Listed records:
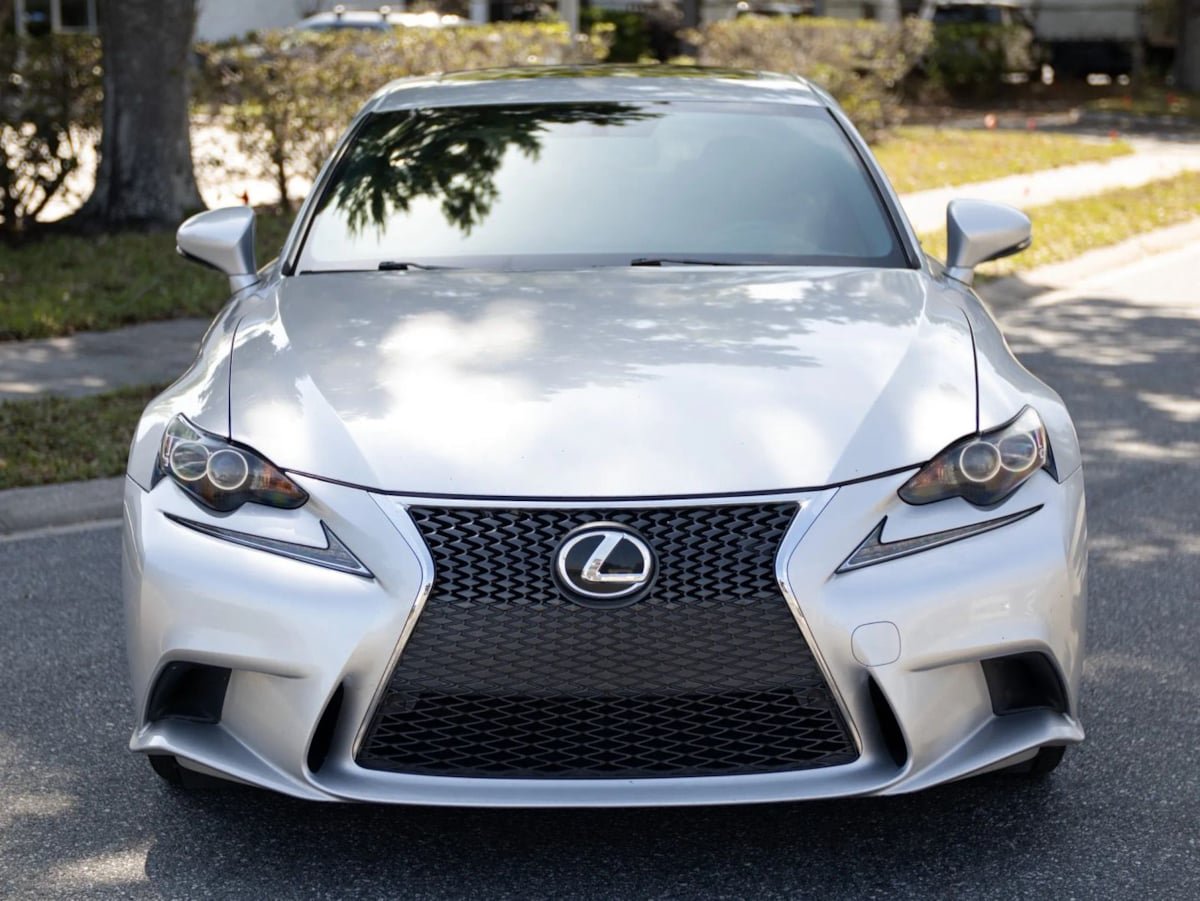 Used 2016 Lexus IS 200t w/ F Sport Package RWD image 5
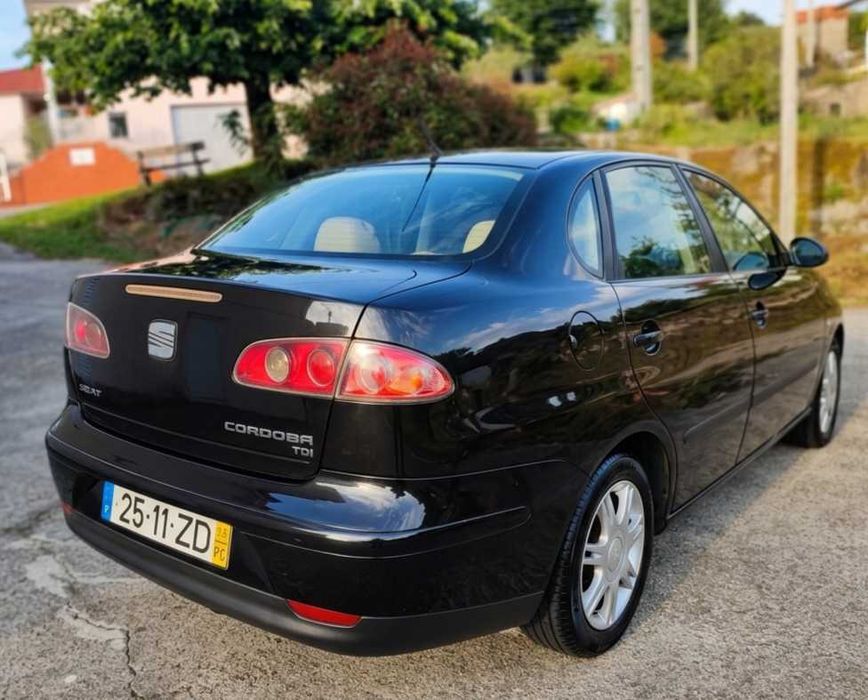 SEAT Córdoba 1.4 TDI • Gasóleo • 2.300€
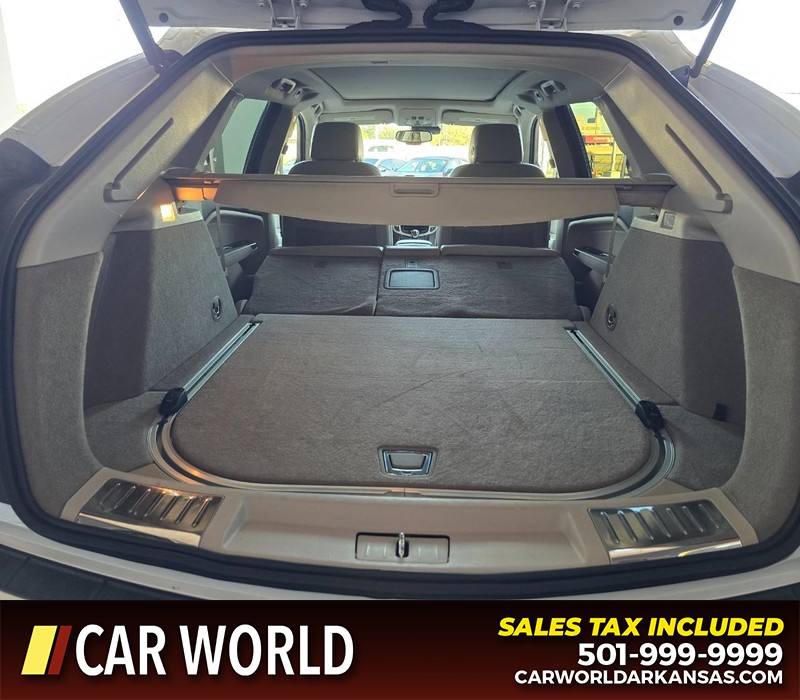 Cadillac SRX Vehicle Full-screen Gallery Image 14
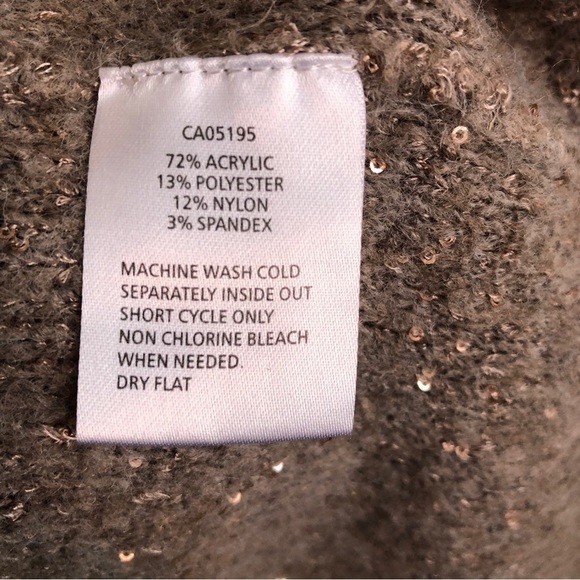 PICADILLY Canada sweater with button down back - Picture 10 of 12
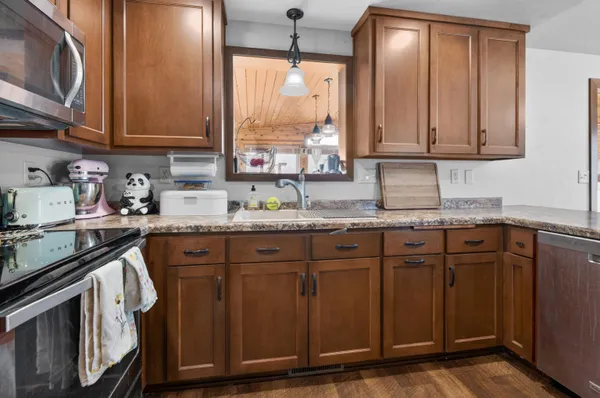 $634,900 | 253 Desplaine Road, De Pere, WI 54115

Exercise prompt: Exactly repeat only the lines from the one with "SEAT Córdoba 1.4 TDI • Gasóleo • 2.300€" to the closing line above, both included, and omit every picture.

Task response:
 SEAT Córdoba 1.4 TDI • Gasóleo • 2.300€
 Cadillac SRX Vehicle Full-screen Gallery Image 14
 PICADILLY Canada sweater with button down back - Picture 10 of 12
 $634,900 | 253 Desplaine Road, De Pere, WI 54115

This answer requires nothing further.